■ Data shown

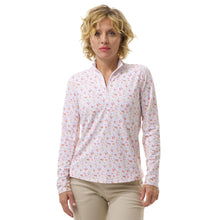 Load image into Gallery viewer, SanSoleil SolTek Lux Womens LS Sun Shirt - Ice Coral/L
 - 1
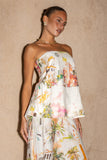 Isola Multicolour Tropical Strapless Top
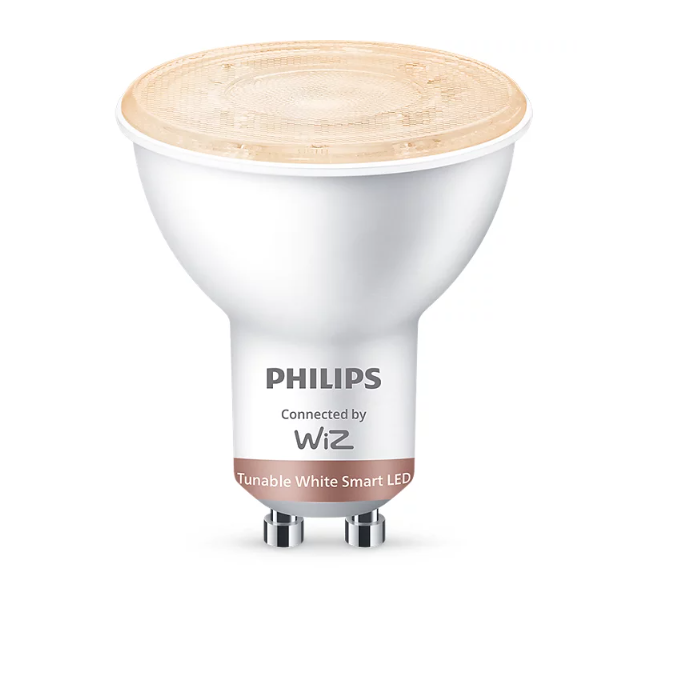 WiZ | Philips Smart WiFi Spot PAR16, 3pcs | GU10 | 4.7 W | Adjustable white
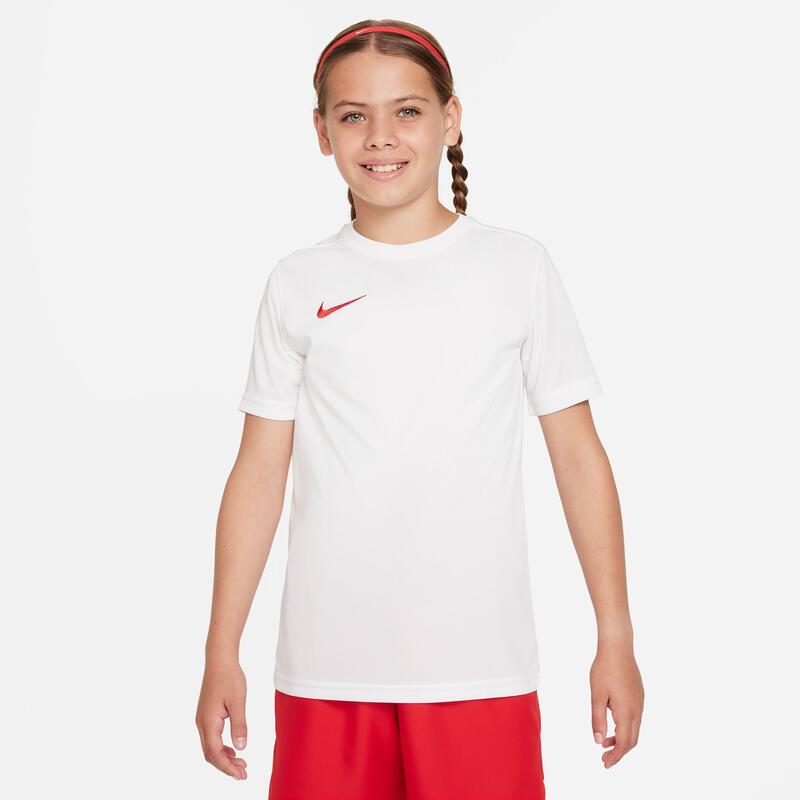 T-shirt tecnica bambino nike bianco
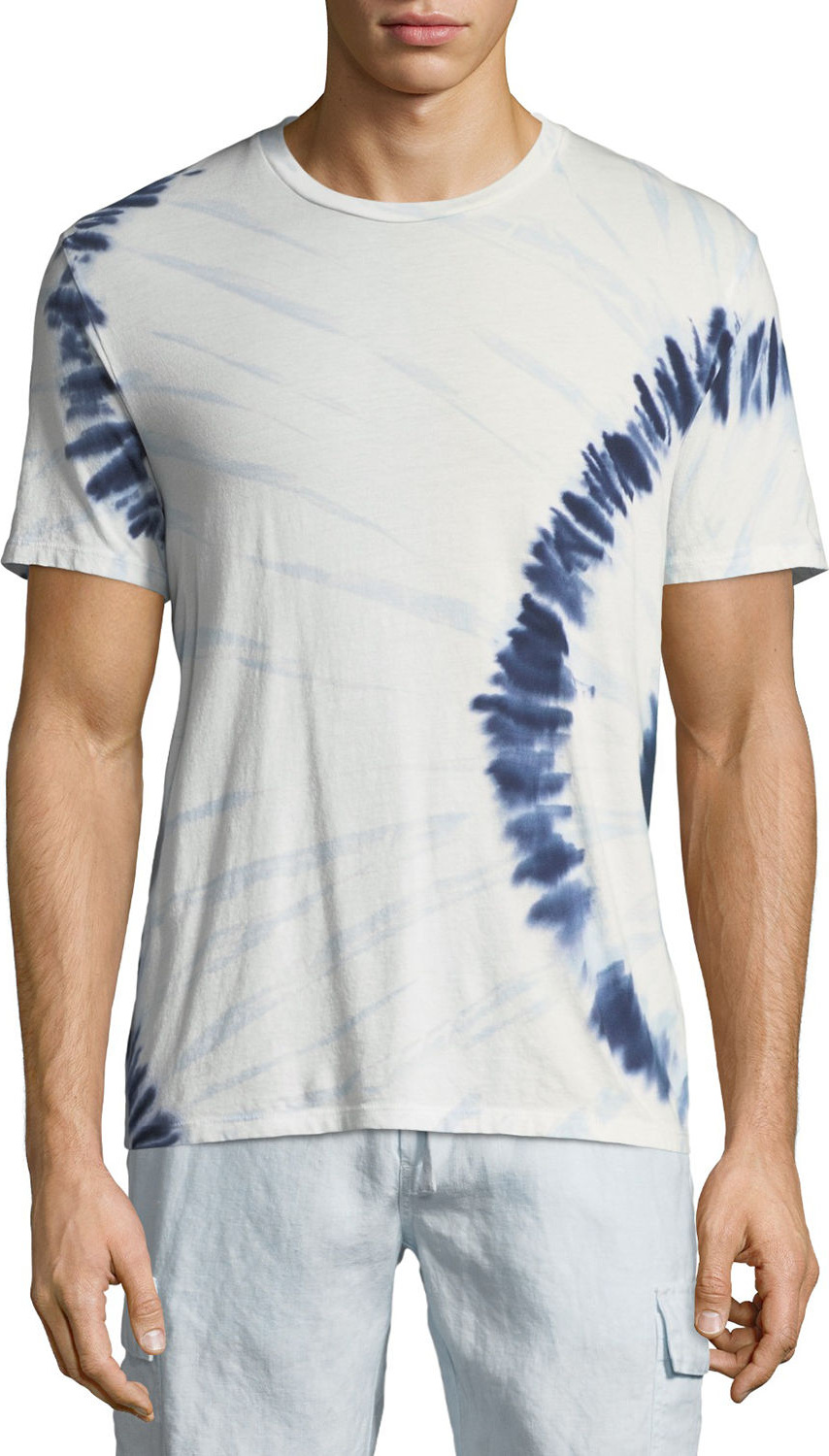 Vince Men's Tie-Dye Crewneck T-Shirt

■ Work item
With every picture left out, print exactly the lines from the one containing "T-shirt tecnica bambino nike bianco" through the final line of the material above.

■ Task response
 T-shirt tecnica bambino nike bianco
 Vince Men's Tie-Dye Crewneck T-Shirt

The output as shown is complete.